JavaScript / cURL equivalents
The same flow works with fetch (Node 18+ or browser) or curl. Replace httpx.post(url, headers=HEADERS, json=...) with:
const BASE_URL = process.env.DEEPAGENTS_BASE_URL;
const HEADERS = {
"X-Api-Key": process.env.LANGSMITH_API_KEY,
"Content-Type": "application/json",
};
const response = await fetch(`${BASE_URL}/agents`, {
method: "POST",
headers: HEADERS,
body: JSON.stringify({ }),
});
if (!response.ok) throw new Error(await response.text());
const { id: agentId } = await response.json();
For streaming, read from response.body.pipeThrough(new TextDecoderStream()).getReader().
For curl, set --header "X-Api-Key: $LANGSMITH_API_KEY" and --header 'Content-Type: application/json'.
When NOT to use Managed Deep Agents
Use a standard LangSmith Deployment via [[langgraph-cli]] (langgraph deploy) instead when you need:
- Custom application code or custom routes around the agent
- Advanced authentication
- The full Agent Server API surface
- Stronger isolation controls or maximum scalability
- A region other than US LangSmith Cloud, or self-hosted/Hybrid
Gotchas
- No SDK — REST is the only supported interface. Python/JS/
useStream SDK wrappers are in progress.
- No rate limits during preview — but quotas may be introduced before GA; don't design around the absence of limits.
PATCH is wholesale, not partial — both for agents (tools field is replaced) and for mcp-servers (headers array is replaced). Always send the full new value.
interrupt_config key format — {mcp_server_url}::{tool_name} with two colons. Trailing slashes on the URL are stripped before matching.
- Tool name is the MCP tool name, not the server name — if
tools[].name doesn't match what the MCP server exposes from tools/list, the runtime silently drops the tool from the model's bound tool set. The model never sees it and never triggers the interrupt. List tools against the live server (e.g. via mcp.client.streamable_http) to confirm.

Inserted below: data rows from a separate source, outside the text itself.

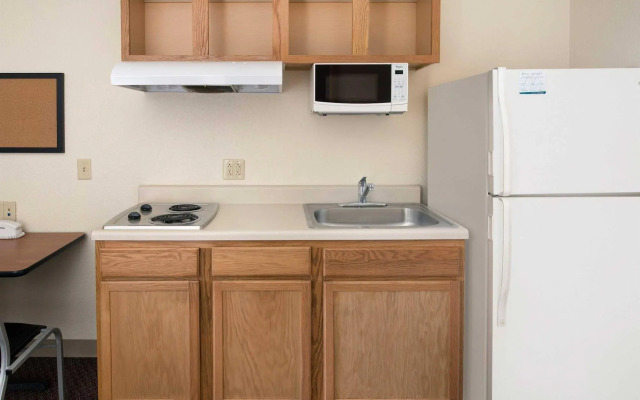 WoodSpring Suites Augusta Fort Eisenhower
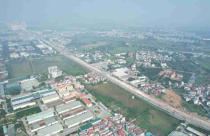 Hà Nội kêu gọi đầu tư khu đô thị hơn 3.100 tỷ đồng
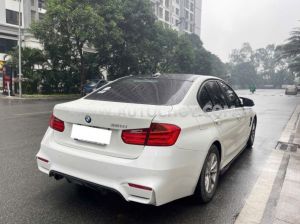 Xe BMW 3 Series 320i 2014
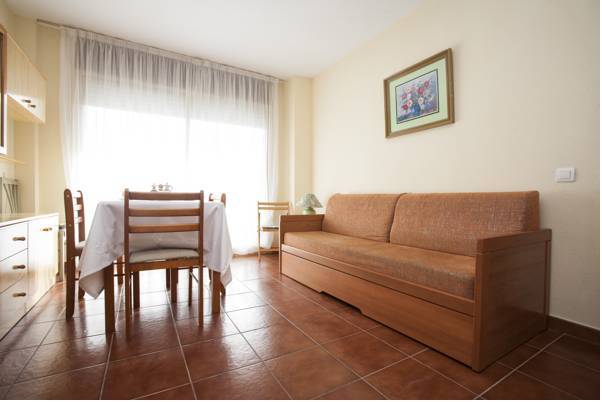Arquus Park Apartments 3* Испания, Коста Дорада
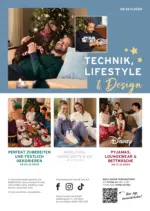 Tchibo/Eduscho Tchibo: Freude für alle - bis 26.11.2025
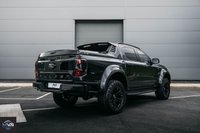 USED 2026 75 FORD RANGER WILDTRAK 3.0 V6 NEW 26 REG BLACK EDITION PREDATOR SCZ SPORTS CANOPY - LIGHT BAR & GRILL- BIG WHEELS/TYRES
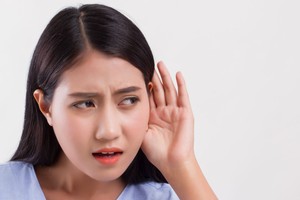 别让分泌性中耳炎偷走听力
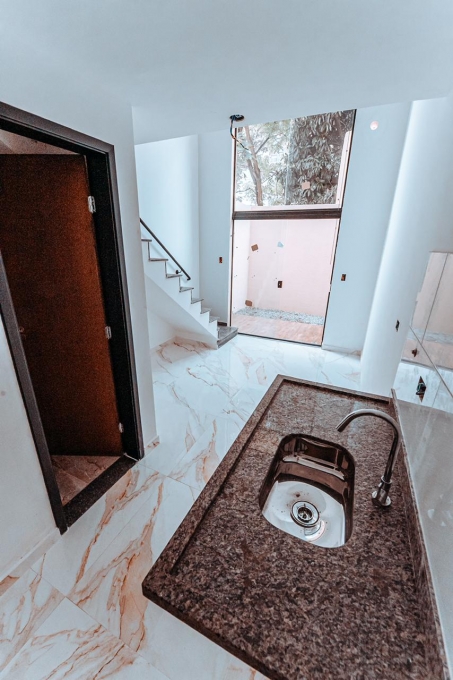 Casa, 2 quartos, 70 m² - Foto 8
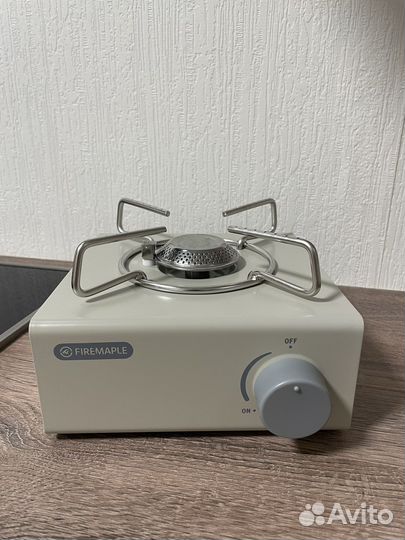 Портативная газовая плита Fire Maple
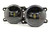 Morimoto Morimoto XB LED Fogs: Type S (Pair / Yellow Lights) | HTMC LF011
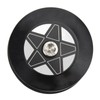 RISK Bike Headset Speed Drop Bearing Headset for 49.7mm Cone
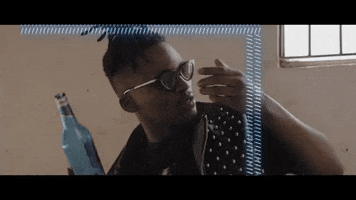 turn up wtf GIF by Universal Music Africa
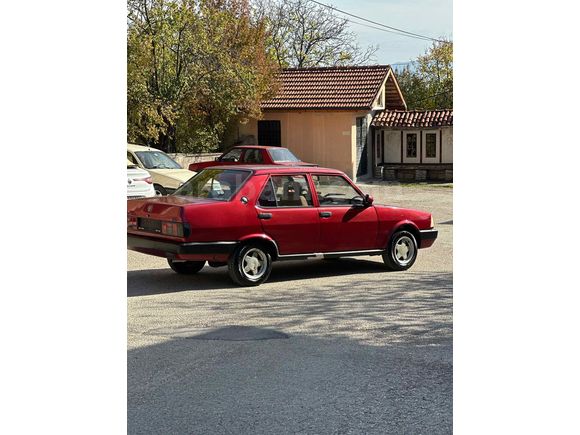 Sahibinden Tofaş Doğan L 1989 Model 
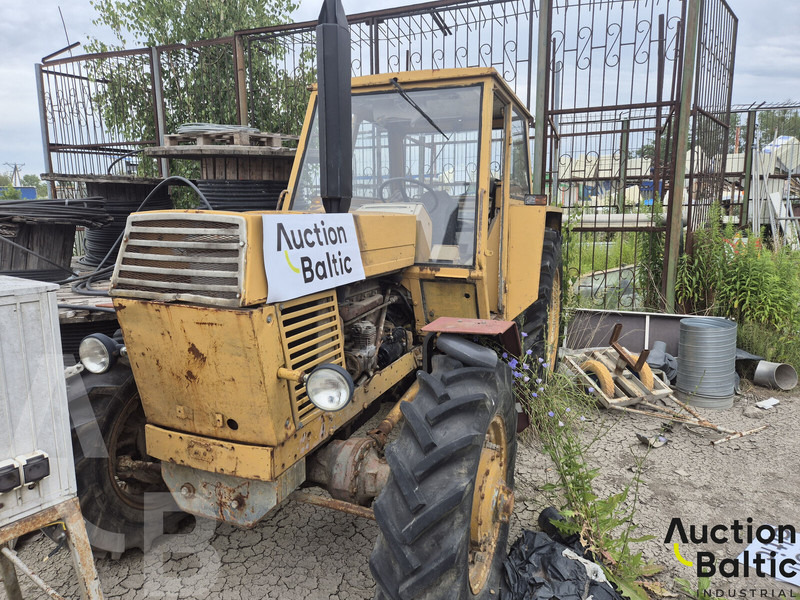 Ursus C-385A - Трактор: снимка 2 Ursus C-385A - Трактор: снимка 2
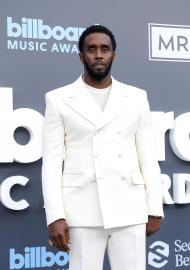 Diddy Accused of Sexual Assault in 4th Lawsuit, Denies 'Awful' Claims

- Resume from an interrupt is
command.resume = {"decisions": [...]} — a bare list of decisions crashes the run with TypeError: list indices must be integers or slices, not str because the middleware does interrupt(request)["decisions"] internally.
/threads/{tid}/runs/stream requires a non-empty messages array even when resuming — pass [{"role": "system", "content": ""}] alongside command.resume.

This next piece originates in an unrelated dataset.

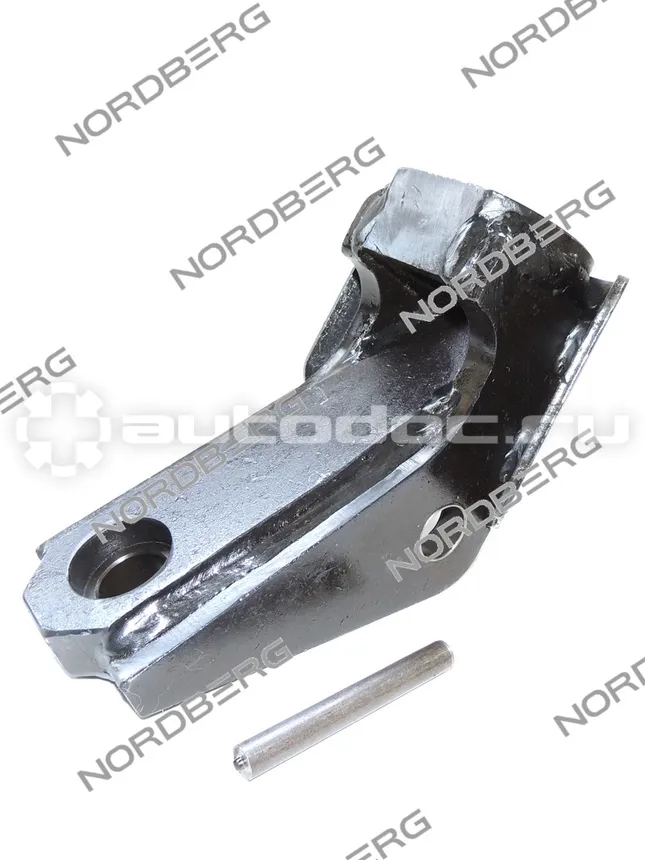 NORDBERG Держатель инструмента для 46TRKE42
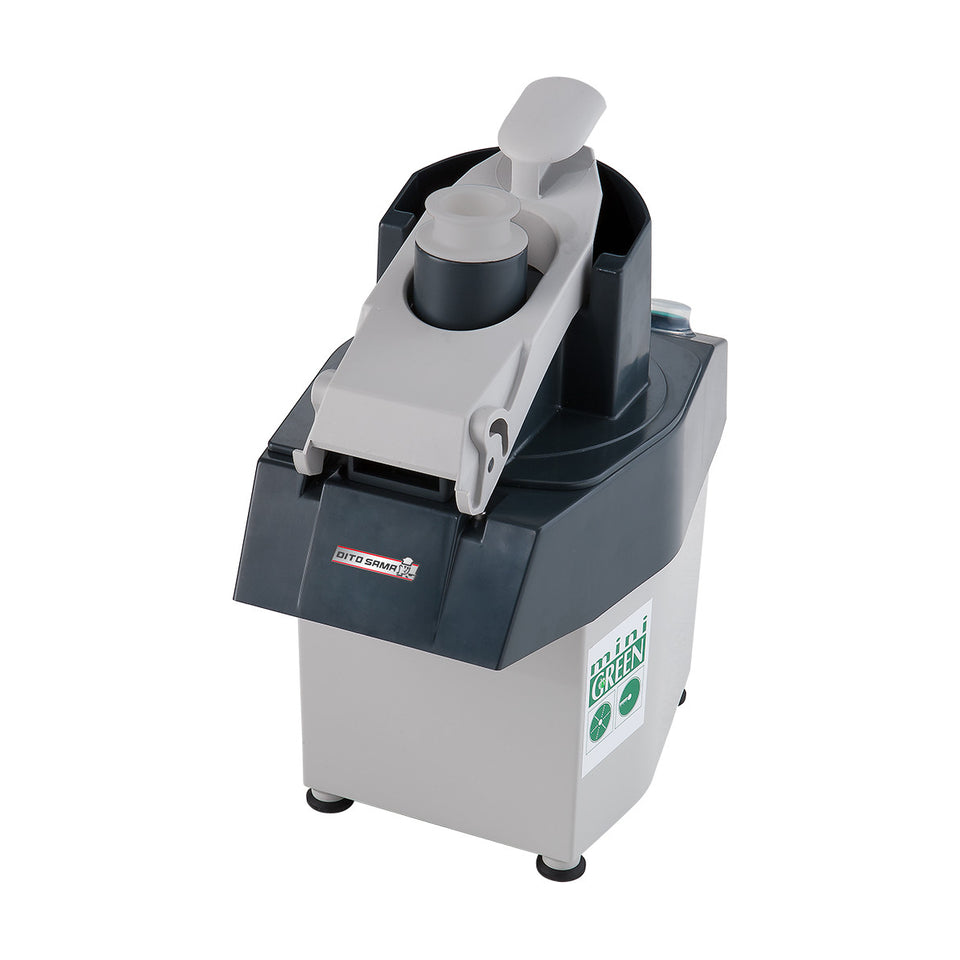 Dito Sama Vegetable Slicer Multigreen Vegetable Cutter - Multigreen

/resolve-interrupt advances to __end__ — the endpoint terminates the paused run without running the pending tool. It is a cancel/finalize escape hatch, not an approve.
- Model IDs must include the provider prefix —
anthropic:claude-sonnet-4-6, not claude-sonnet-4-6 (the latter is treated as a Playground config reference).

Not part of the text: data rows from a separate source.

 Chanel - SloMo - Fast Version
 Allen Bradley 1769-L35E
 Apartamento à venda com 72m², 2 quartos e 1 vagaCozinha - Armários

- MCP credentials are sensitive —
headers is omitted from response bodies for callers without invoke permission; treat list/get responses as sensitive and avoid logging them verbatim.
- MCP auth limited to static headers — bearer tokens and custom API-key headers only during preview. OAuth-backed registration is planned.
- Deleting an agent does not delete its threads — and new runs on orphaned threads return
502. Clean up threads explicitly.
- API stability — routes live under
/v1/deepagents but the surface may change in backwards-incompatible ways before GA. Breaking changes are communicated directly to preview customers.